In corrispondenza del lago di diarrea si erge, immobile e con il sole alle proprie spalle, un uomocacca alto come otto dune che, nel momento in cui cerco di metterne a fuoco i dettagli somatici, inizia a crescere di dimensioni.
A questo punto, mentre l’aria si satura di una puzza talmente orribile da farmi vomitare frammenti di cuore, l’uomocacca gigante – che battezzo Titanomerda – lambisce i miei piedi con la sua ombra e di colpo smette di espandersi.
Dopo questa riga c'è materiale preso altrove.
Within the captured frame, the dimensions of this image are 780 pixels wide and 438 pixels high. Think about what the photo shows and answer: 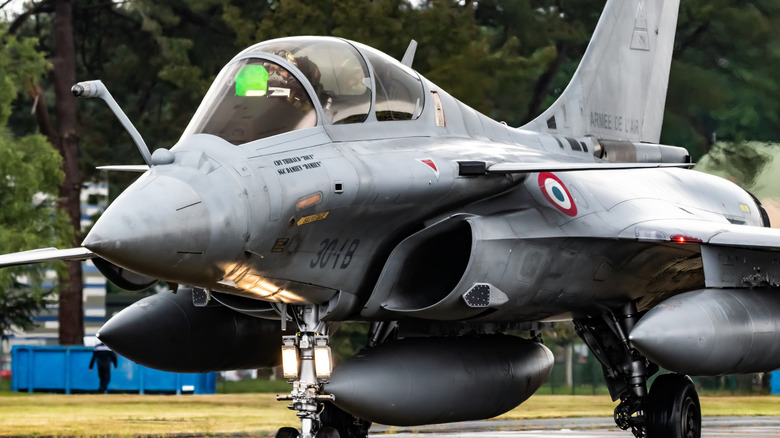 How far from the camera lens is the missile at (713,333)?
822 centimetres

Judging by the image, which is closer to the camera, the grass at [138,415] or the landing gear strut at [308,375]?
the landing gear strut at [308,375]

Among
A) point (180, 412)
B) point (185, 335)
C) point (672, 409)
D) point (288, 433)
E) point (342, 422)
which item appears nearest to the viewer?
point (288, 433)

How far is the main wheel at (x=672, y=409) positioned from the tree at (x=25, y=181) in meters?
14.4

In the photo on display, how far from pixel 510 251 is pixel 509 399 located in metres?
1.57

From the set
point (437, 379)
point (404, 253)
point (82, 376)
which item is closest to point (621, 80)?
point (437, 379)

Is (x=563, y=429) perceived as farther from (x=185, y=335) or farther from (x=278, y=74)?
(x=278, y=74)

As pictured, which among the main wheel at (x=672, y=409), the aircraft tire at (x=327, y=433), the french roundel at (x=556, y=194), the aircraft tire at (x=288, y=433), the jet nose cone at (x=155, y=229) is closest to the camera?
the jet nose cone at (x=155, y=229)

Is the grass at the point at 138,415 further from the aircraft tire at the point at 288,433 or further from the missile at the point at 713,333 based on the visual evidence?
the missile at the point at 713,333

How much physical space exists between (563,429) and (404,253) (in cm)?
740

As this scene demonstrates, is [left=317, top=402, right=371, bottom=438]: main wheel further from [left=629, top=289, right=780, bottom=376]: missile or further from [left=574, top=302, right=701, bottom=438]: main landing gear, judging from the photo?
[left=629, top=289, right=780, bottom=376]: missile

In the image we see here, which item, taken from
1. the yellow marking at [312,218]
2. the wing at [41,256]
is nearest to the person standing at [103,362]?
the wing at [41,256]

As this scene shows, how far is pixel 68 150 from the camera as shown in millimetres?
28250

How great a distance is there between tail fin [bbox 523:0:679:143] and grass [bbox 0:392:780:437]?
4.79 m

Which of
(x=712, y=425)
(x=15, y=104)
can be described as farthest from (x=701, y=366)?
(x=15, y=104) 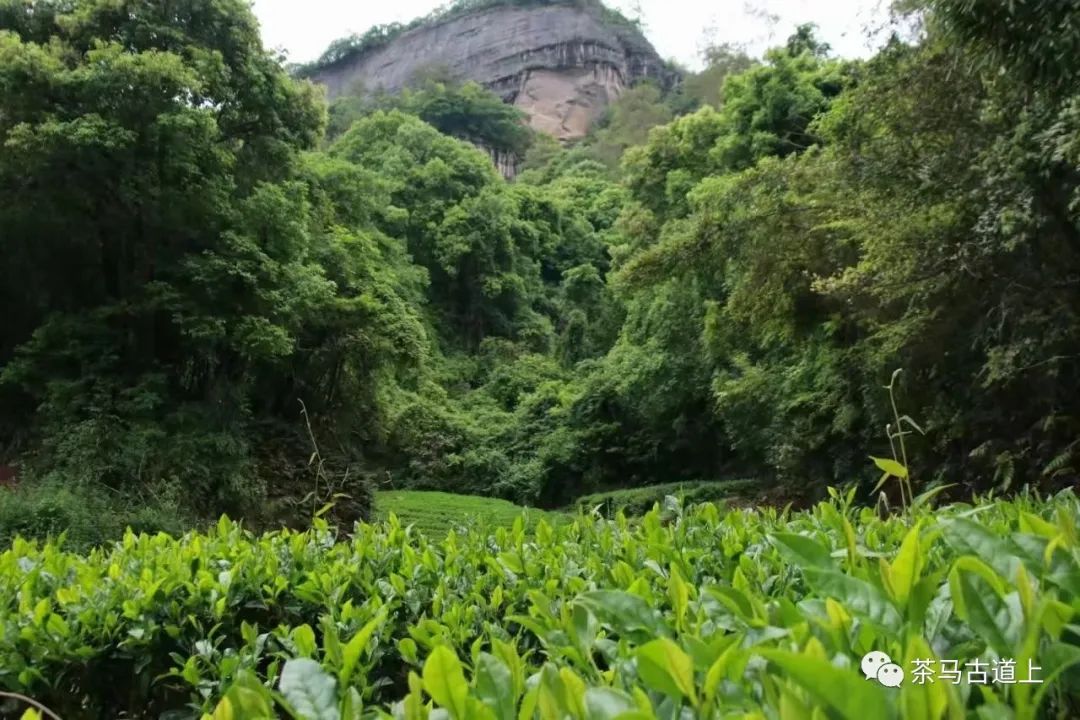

Scoprire che Lettiera non è una desolata palla di sabbia mi infonde allegria. Certo, avrei preferito condividere il pianeta con un mio simile, ma non mi lamento. Anzi! Qualcosa infatti mi suggerisce che, in quanto aberrazione, Titanomerda renderà più sfaccettata, e quindi più interessante, la realtà a cui appartengo.
Impaziente di fare amicizia, urlo con tutto me stesso Titanomerda alla volta del gigante: lento come una nube quando c’è pochissimo vento, si scrolla la sabbia di dosso e poi, sempre lentissimamente, si incammina nella mia direzione, causando a ogni passo un terremoto.
Diciotto secondi dopo, quattro, forse cinque dei suoi passi ci separano, Titanomerda smette di avanzare, si accovaccia e infine defeca qualcosa che, da questa distanza, mi pare abbia le mie stesse dimensioni.
L’oggetto appena cacato dal gigante comincia a brillare fortissimo, accecandomi.
Serro gli occhi.
Un’esplosione e vengo travolto da un liquido bollente come il mio cuore.
Il bagliore termina.
Riapro le palpebre e il gigante non c’è più.
Il deserto è ricoperto di diarrea… laddove c’era Titanomerda, ora c’è una donna cacca, alla quale mi avvicino arrapato, per poi cingerle con le mani i fianchi e, immediatamente dopo, con la punta del mio glande, tracciare nella merda che le ricopre il basso ventre un membro virile con un deretano al posto dei testicoli.
La donnacacca si inginocchia e comincia a spompinarmi.
Le vengo in bocca, dopodiché attacco a defecare.
Mi sento svenire… sto cacando anche i miei organi interni.
All’improvviso, io e la mia compagna di viaggio ci ritroviamo sul fondo di un cuore pulsante fatto di merda secca e fredda.

Sto congelando.
Utero.
È la mia nuova casa.
Si sta un po’ stretti, qui dentro. Ed è sempre buio. Ma l’ambiente, nel complesso, è accogliente.
Una luce.
Soffro: l’utero non mi vuole più – spinge per farmi uscire.
Non voglio andarmene…
Ma in un attimo sono fuori.
Piango.
Strillo.

Inizio la scuola…
Non vedo l’ora di essere vecchio.
Medie, primo giorno degli esami di Stato.
Un anno dopo, perdo la verginità.
La scuola è finita.
Università fuori sede.
Medicina.

Convivo con una collega di corso. Mi lascia quando scopre che le annuso di nascosto le mutande sporche di merda. Amo l’odore della merda.
Divento un medico di base.

Internet.
C’è di tutto, su Internet.
Persone come me. E zero giudizi…
Il paradiso.

Quando io e la merda non ci vediamo per una settimana, impazzisco. I miei amici, che non cono-scono la sorgente del mio disagio ma solamente i suoi riflessi sul mio quotidiano, mi consigliano di andare dallo psicologo. Magari sei soltanto stressato, dicono. Ti devi sposare, chiosa mia madre.
E va bene, psicologo sia.

Prima seduta. Il terapeuta mi chiede di parlargli della prima cosa che mi viene in mente.
Gli racconto del mio amore per la cacca e della mia difficoltà di farlo convivere con il resto della mia vita.
Lui ascolta in silenzio.
Quando finisco, mi chiede come mi sento.
Rispondo che non capisco la sua domanda visto che, aggiungo, dal mio discorso avrebbe già dovuto capirlo.
«Me lo dica lo stesso».
Gli rispondo che mi sento una merda.